Strictly adhering to the PDF standard, PDF Clown features a layered model which progressively hides syntactic details (xref tables, streams, dictionaries, arrays, etc.) and reveals semantic entities (pages, bookmarks, fonts, etc.), providing a robust and convenient access to the intricacies of the format:
- Byte layer: raw PDF file
- Token layer: lexical interpretation (parsing) of the PDF file
- Object layer: data structures emerging from token aggregation (COS Model)
- File layer: syntactic representation of the PDF file (macro-structure constituted by a sequence of indirect objects)
- Document layer: semantic representation of the PDF file (catalog object tree)
As shown by the diagram above, both the File Layer (through PdfIndirectObject class) and the Document Layer (through PdfObjectWrapper class) are based on the Object Layer; the amazing thing is that, in spite of the awful complexity of the PDF specification, PDF Clown is based on just two Object Layer classes (see the diagram below):
- PdfObject (root of the COS Model, which encompasses the low-level building blocks of PDF such as PdfIndirectObject, PdfDictionary, PdfArray, PdfStream, PdfName and so on)
- PdfObjectWrapper (root of the Document Model, which encompasses the high-level entities such as Document, Page, Contents, Annotation, Bookmark, Font and so on).
Here it is a class diagram representing the library’s main entities and their relations (note this is just a more detailed view of the same layers described above).

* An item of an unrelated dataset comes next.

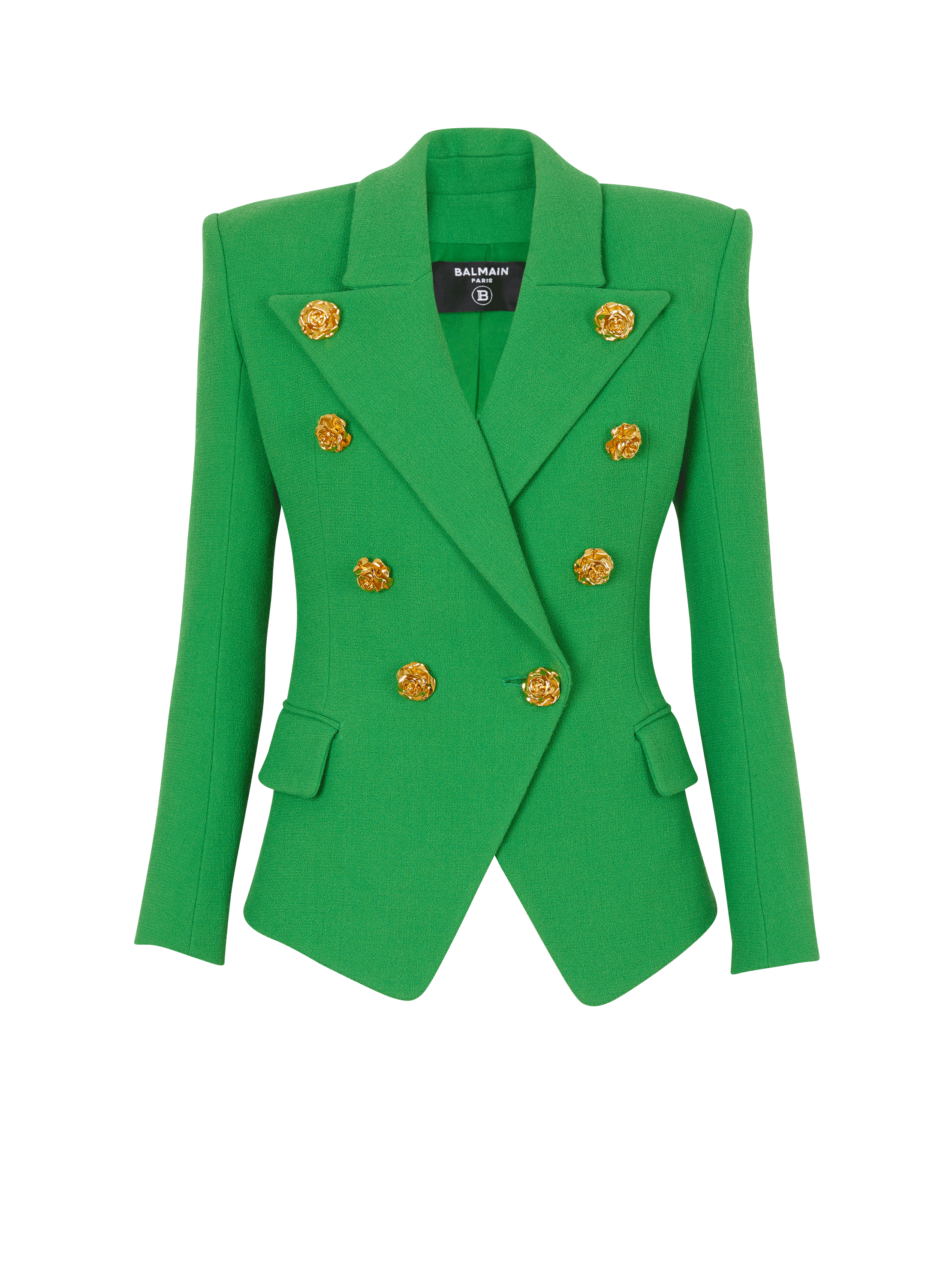 Chaqueta de traje de crepé doble, verde, hi-res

The diagram below represents a Document object (the semantic root of a PDF file as modelled by PDF Clown) as viewed across the layers:
- Byte layer: the dotted box inside the PDF file icon contains a sample data fragment that represents a Catalog Dictionary (root object);
- Token layer: the bytes of the Catalog Dictionary are aggregated in atomic items (lexemes);
- Object layer: an indirect object pattern is recognized, so that a PdfIndirectObject is instantiated to incapsulate the Catalog Dictionary data;
- File layer: the PdfIndirectObject (bridge between the Object Layer and the File Layer) containing the Catalog Dictionary is arrayed among the others to represent the PDF file structure;
- Document layer: the Catalog Dictionary is encapsulated inside a Document object, which inherits from PdfObjectWrapper (bridge between the Object Layer and the Document Layer).